By Gina B.
Whenever I meet a couple who has been together (either married or similarly committed) for over 15 years, I get a kick out of asking my favorite question: What’s the secret? I’m curious to know how they’ve stayed together, what’s worked for them and what hasn’t.
I’ve learned a lot.
The biggest lesson I’ve learned over the years is that all advice isn’t created equal.
I split couples between those whose relationships are enviable and those whose aren’t. The fact that a couple has managed to stay together for a long time is no indication that they’re happy. Their longevity could be a symptom of staying power, tendency toward complacency, or an indication that remaining married is the lesser of all evils.
My questioning began long before I became a dating columnist. It began in my days of management consulting, when I had a miserable 100% travel schedule. I was curious as to how my married colleagues managed to sustain relationships with such chaotic schedules (especially considering the lack of men who were willing to even date me under those circumstances).
I asked one of my most insufferable, annoying coworkers who had been married for 10+ years. It was the very first time I had asked the question, largely because I found it amazing that anyone would have ever looked at him lovingly and said “I do.” He said: “I find that couples who don’t get along seven days a week, get along just fine on two.”
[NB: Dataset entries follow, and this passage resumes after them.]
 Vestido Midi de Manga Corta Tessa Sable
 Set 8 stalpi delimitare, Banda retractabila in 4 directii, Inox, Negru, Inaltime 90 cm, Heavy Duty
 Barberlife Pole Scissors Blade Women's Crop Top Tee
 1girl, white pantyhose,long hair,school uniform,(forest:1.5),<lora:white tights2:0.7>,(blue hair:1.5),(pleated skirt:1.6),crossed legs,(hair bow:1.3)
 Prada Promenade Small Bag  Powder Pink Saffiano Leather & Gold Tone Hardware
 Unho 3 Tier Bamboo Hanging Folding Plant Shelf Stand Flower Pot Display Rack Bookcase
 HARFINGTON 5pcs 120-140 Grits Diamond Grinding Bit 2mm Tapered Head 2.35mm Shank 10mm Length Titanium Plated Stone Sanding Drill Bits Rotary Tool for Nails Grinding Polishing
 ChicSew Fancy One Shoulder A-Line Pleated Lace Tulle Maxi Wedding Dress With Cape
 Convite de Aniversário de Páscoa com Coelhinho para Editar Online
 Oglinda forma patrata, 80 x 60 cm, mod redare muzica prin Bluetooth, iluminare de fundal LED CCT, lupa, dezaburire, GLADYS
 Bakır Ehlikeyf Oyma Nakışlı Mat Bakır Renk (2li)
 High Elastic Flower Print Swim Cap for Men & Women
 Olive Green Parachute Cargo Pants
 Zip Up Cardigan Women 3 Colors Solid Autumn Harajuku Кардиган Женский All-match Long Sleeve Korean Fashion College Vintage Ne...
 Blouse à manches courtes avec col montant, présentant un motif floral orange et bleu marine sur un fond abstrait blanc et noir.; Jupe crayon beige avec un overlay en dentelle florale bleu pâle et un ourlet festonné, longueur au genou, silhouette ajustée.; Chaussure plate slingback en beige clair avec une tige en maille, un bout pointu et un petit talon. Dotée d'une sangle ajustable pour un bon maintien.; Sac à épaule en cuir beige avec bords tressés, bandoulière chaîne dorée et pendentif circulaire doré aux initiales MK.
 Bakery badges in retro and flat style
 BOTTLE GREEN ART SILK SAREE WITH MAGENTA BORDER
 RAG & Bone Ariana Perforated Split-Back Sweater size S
Which probably meant: “My wife hates me, and would like for me to come home for one day each week, drop off my paycheck and leave.”
I asked another woman, who sighed and said: “All men are basically the same. Just pick a nice one and try to have a good life.” A glowing endorsement.
I asked more people, and finally received positive responses.
“What’s the secret?” became a routine question for long-term couples, and I’ve received a lot of fascinating answers over the years. Some helpful, others scary.
I began to notice the differences in replies from the couples that had something special, versus “the tolerators,” my moniker for those who seemed to be merely co-existing.
The Tolerators will stress the importance of giving each other a LOT of space. Some have even advised me to think long and hard before getting married, and say that they wouldn’t do it again if they were granted a do-over.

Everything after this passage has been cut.